La première fosse en lien avec le rite de la crémation (58 cm x 44 cm) est conservée sur 13 cm de profondeur. Les bords sont légèrement évasés et le fond approximativement plat. La seconde est de forme circulaire avec un diamètre d’environ 40 cm pour une profondeur de 5 cm. Le fond est plat et les bords trop peu préservés pour être décrits.
Leur comblement est constitué de limon argileux noirâtre, homogène, compact, comportant de nombreux os brûlés sous forme d’esquilles sans ordre apparent, des nodules de charbons et dans un cas quelques tessons.
Le secteur investigué a ensuite été élargi vers une zone non sondée, ce qui a permis de découvrir en coupe une sépulture secondaire à crémation sur une longueur de 37 cm pour une profondeur de 21 cm. Les bords sont verticaux et le fond légèrement évasé. Le comblement est similaire aux autres structures avec ainsi un petit vase ossuaire (gobelet ou tonnelet en céramique grise fine).
Ces structures doivent être rattachées à une première sépulture secondaire à crémation découverte à proximité lors de la construction de la route de l’Innovation en 2022. L’ensemble appartient à un petit espace funéraire. Cependant, il est impossible de le rattacher à un habitat à l’heure actuelle.

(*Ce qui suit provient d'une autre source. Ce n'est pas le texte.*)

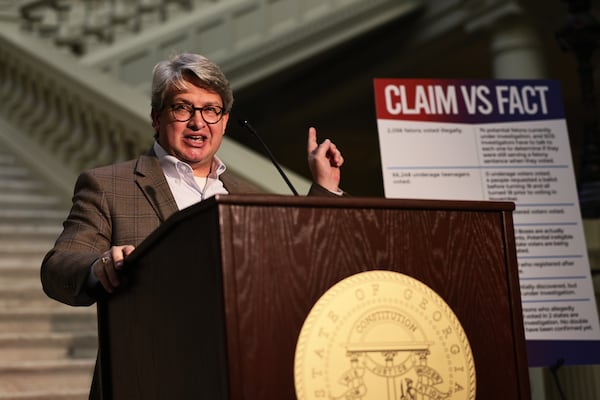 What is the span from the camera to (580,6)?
16.9ft

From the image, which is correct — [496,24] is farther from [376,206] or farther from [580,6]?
[376,206]

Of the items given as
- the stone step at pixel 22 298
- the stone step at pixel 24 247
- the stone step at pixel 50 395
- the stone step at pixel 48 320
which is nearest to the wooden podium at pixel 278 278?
the stone step at pixel 50 395

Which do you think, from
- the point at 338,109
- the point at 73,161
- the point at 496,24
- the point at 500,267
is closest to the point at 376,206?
the point at 500,267

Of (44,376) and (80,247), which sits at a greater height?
(80,247)

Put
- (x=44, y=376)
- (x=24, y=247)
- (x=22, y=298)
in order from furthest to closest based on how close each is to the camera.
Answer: (x=24, y=247), (x=22, y=298), (x=44, y=376)

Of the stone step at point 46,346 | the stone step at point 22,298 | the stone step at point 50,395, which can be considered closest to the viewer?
the stone step at point 50,395

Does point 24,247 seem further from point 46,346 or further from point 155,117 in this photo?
point 155,117

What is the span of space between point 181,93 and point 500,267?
826 millimetres

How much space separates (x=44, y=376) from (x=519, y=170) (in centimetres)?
219

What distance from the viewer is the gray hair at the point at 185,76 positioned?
2350mm

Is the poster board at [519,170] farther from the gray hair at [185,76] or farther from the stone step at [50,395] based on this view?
the stone step at [50,395]

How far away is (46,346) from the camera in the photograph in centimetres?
490

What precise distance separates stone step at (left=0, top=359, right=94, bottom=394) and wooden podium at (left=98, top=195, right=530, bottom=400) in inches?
98.2

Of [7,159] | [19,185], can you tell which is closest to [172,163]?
[19,185] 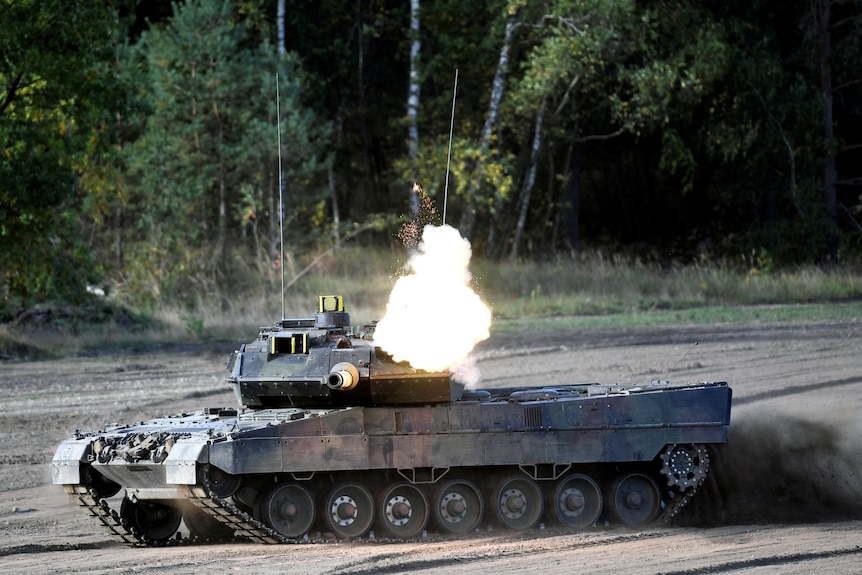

Ces découvertes, rares pour cette période sur le Plateau suisse, prennent en effet place dans un contexte rural, entre les oppida de Sermuz (1.2 km) et d’Yverdon-Eburodunum (1.7 km) qui, eux, n’ont pas encore livré de structures funéraires de cette période.
Les structures sont scellées par une couche d’alluvions contenant quelques fragments de tuiles romaines roulées. Ces derniers font écho au corps de bâtiment correspondant à une hypothétique pars urbana d’une villa romaine repérée par photographie aérienne à 180 m au sud.
Enfin, elles sont implantées dans une autre couche d’alluvions qui a livré quelques tessons épars de l’âge du Bronze.